## Problem statement
All pictures are to be omitted while the lines starting at the line with "Grinch Breakfast Food, Grinch" and ending at the line with "##Antique Hardware## Clean" in the material below are retyped exactly, both ends included.

## Supplied material
====

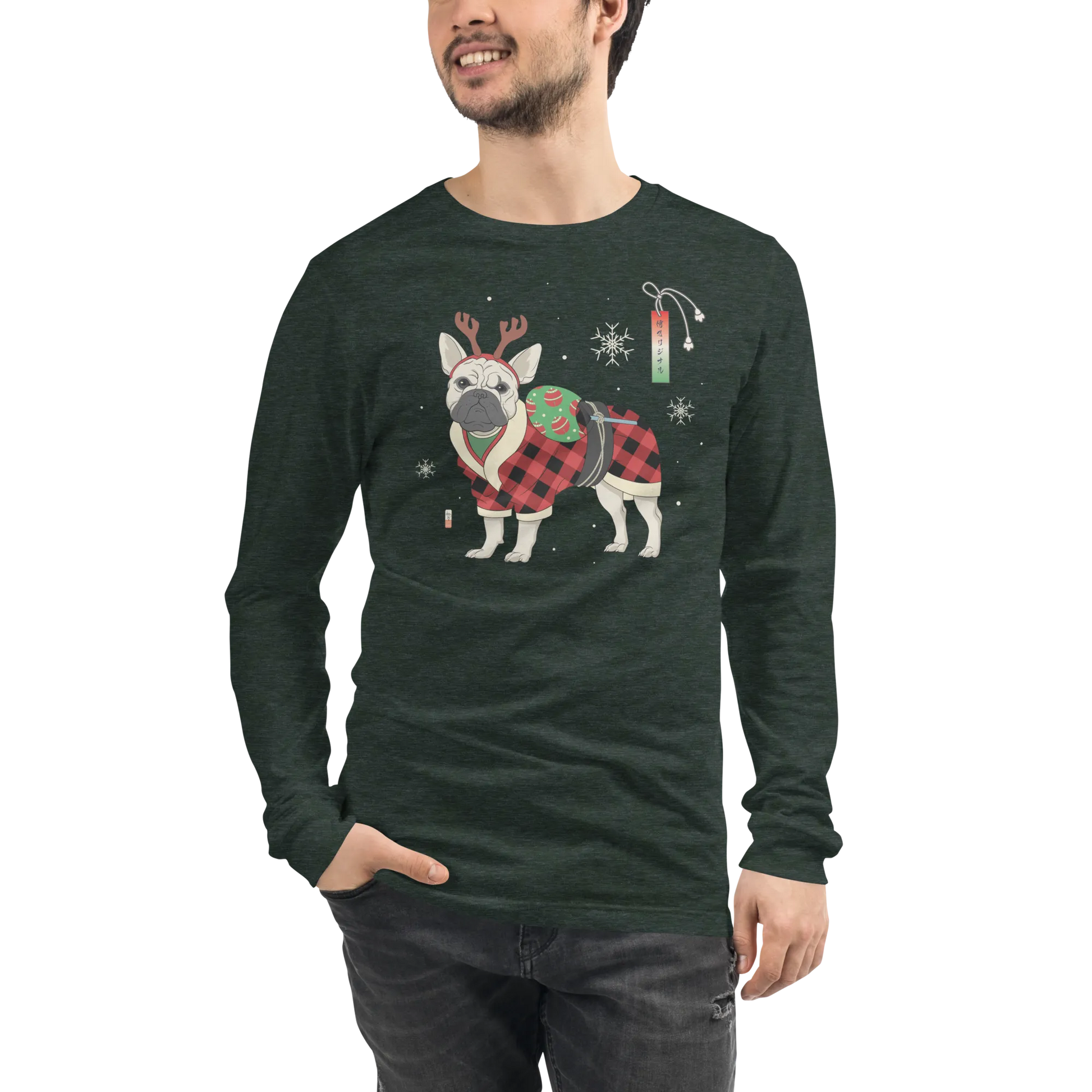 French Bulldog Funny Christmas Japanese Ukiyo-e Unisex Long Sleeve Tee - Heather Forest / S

====

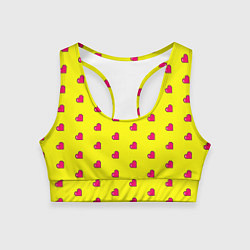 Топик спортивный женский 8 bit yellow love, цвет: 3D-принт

====

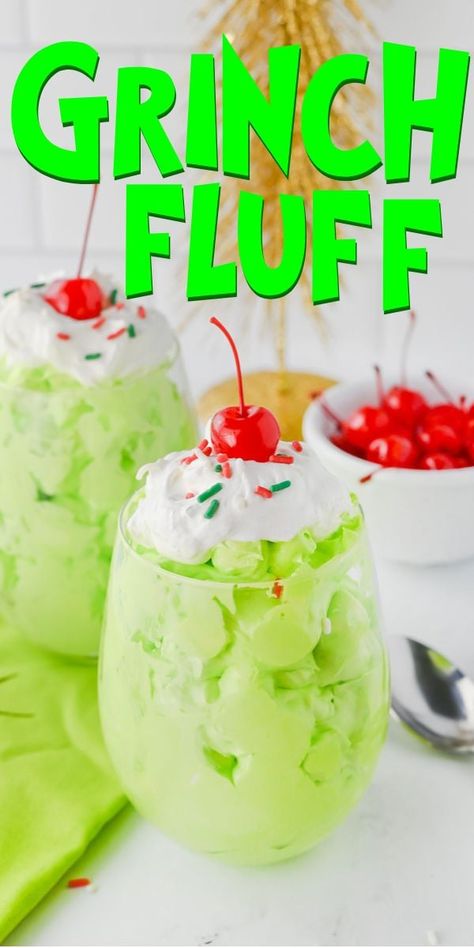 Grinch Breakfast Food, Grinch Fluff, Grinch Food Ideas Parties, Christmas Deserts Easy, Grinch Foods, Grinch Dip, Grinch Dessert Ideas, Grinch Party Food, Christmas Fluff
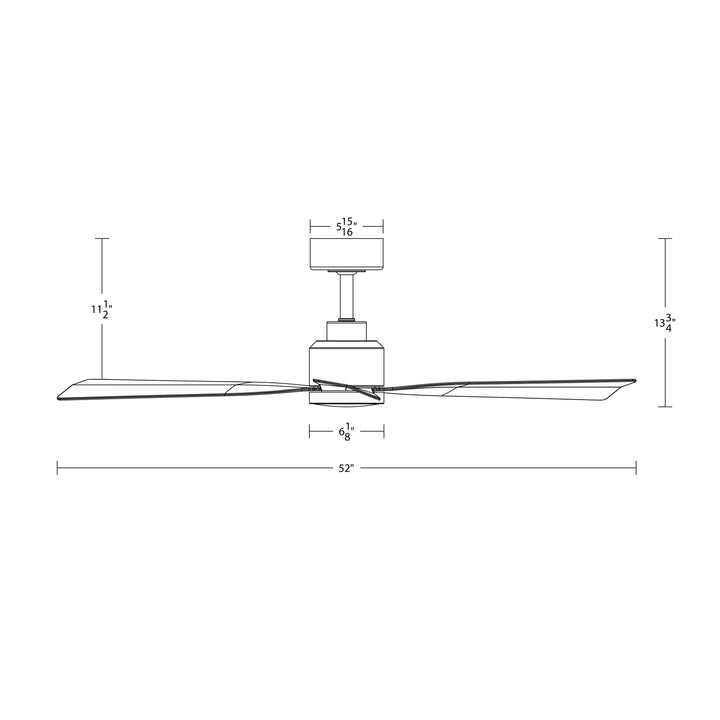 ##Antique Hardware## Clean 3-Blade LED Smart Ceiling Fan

====

## Solution
 Grinch Breakfast Food, Grinch Fluff, Grinch Food Ideas Parties, Christmas Deserts Easy, Grinch Foods, Grinch Dip, Grinch Dessert Ideas, Grinch Party Food, Christmas Fluff
 ##Antique Hardware## Clean 3-Blade LED Smart Ceiling Fan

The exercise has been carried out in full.